== WORK ITEM ==
When you reach the line holding "217 Goodfellow Road", please begin to restate the lines word for word and continue through the last one in the material, excluding pictures.

%%

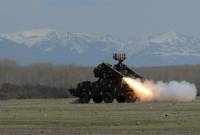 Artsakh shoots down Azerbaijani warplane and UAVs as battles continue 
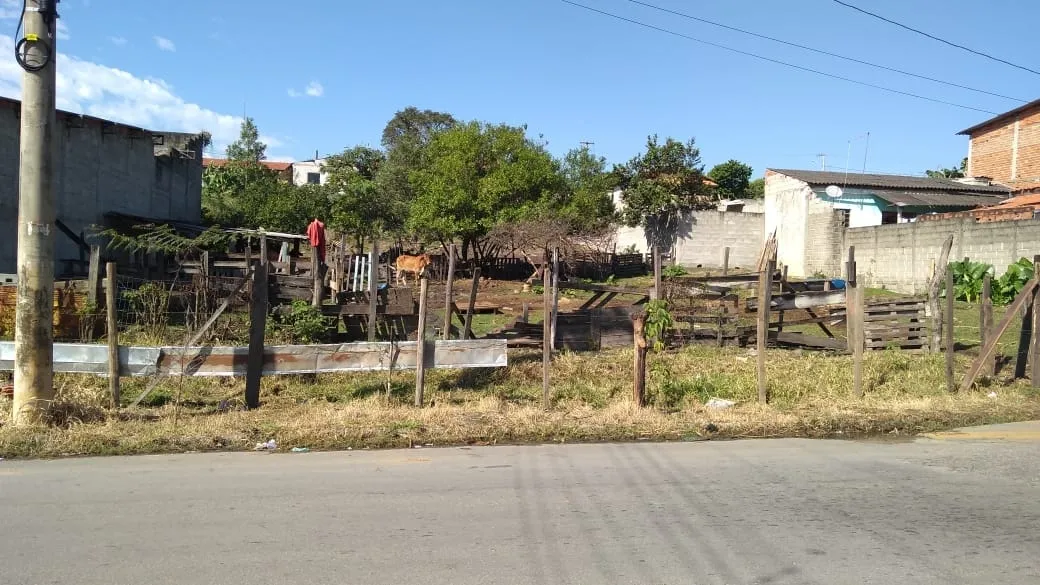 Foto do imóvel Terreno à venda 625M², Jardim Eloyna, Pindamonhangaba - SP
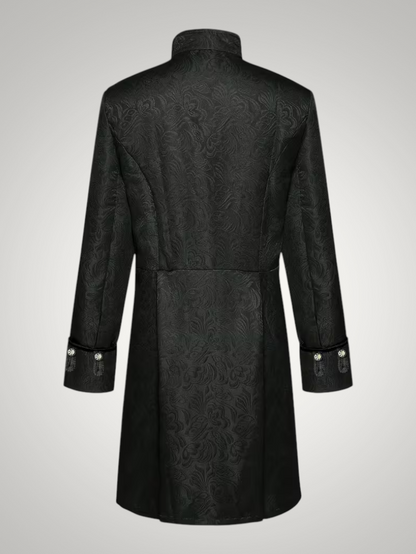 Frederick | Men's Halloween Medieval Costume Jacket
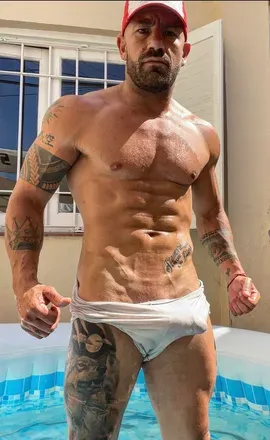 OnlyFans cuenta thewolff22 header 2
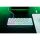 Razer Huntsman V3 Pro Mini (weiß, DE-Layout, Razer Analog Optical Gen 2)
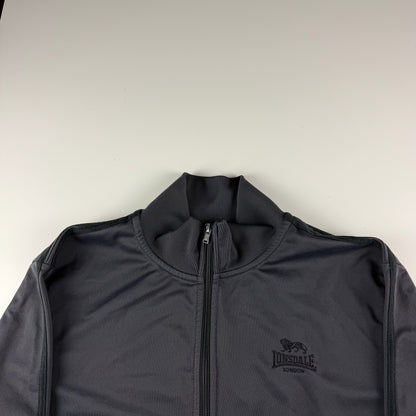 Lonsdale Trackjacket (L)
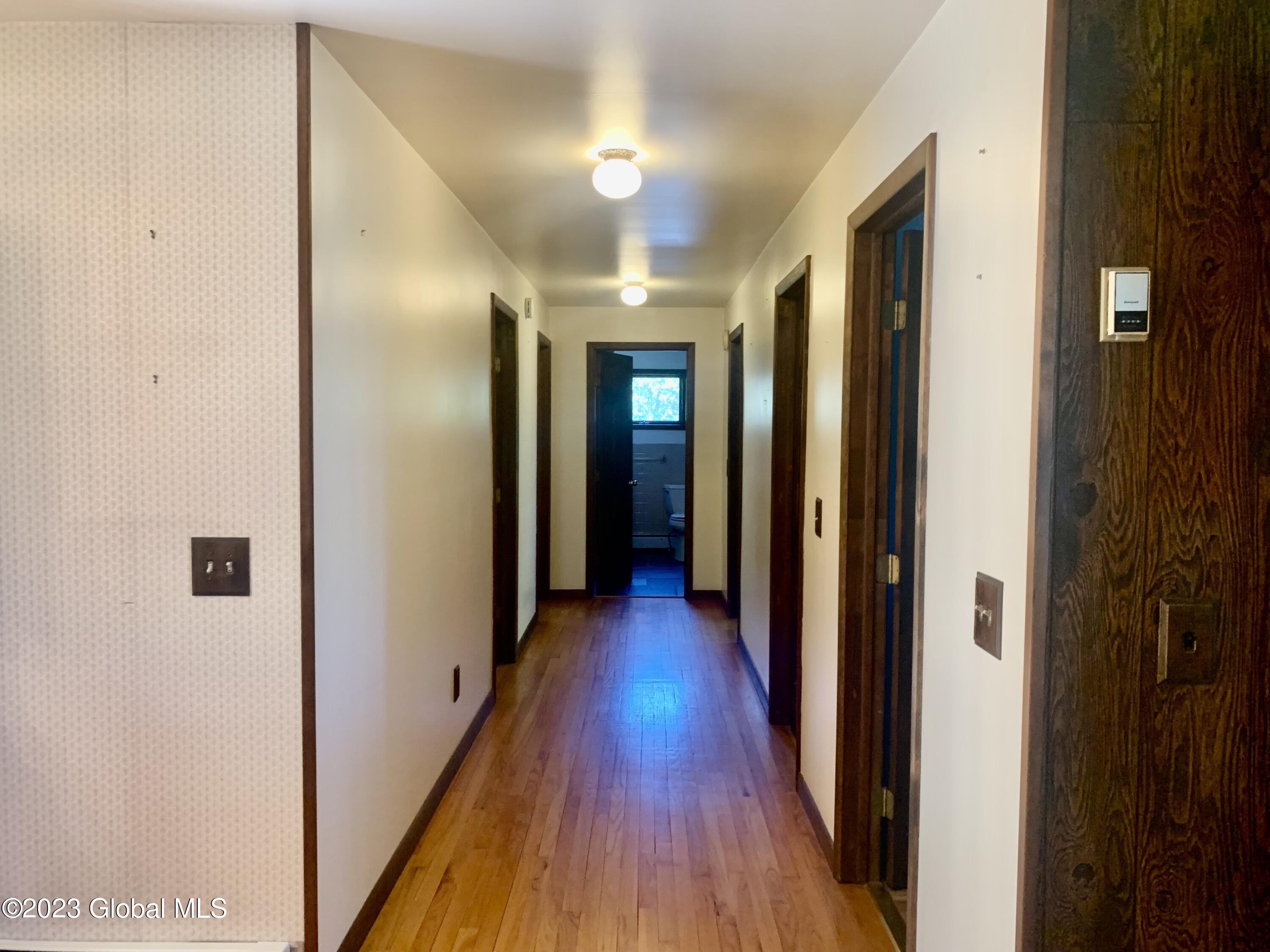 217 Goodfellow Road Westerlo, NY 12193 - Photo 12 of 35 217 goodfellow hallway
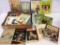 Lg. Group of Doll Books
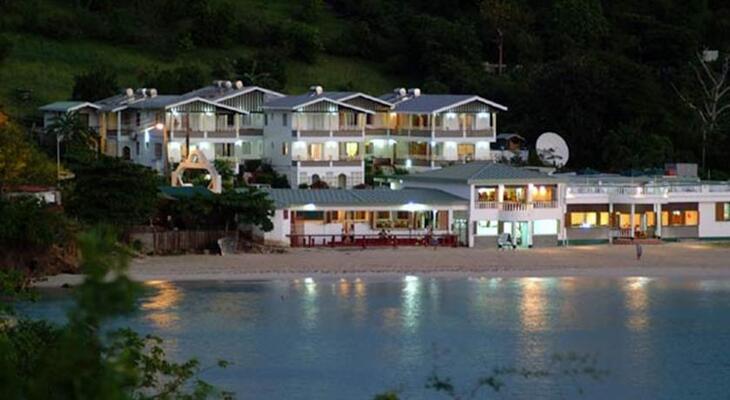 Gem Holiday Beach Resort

%%

== WRITTEN RESPONSE ==
 217 Goodfellow Road Westerlo, NY 12193 - Photo 12 of 35 217 goodfellow hallway
 Lg. Group of Doll Books
 Gem Holiday Beach Resort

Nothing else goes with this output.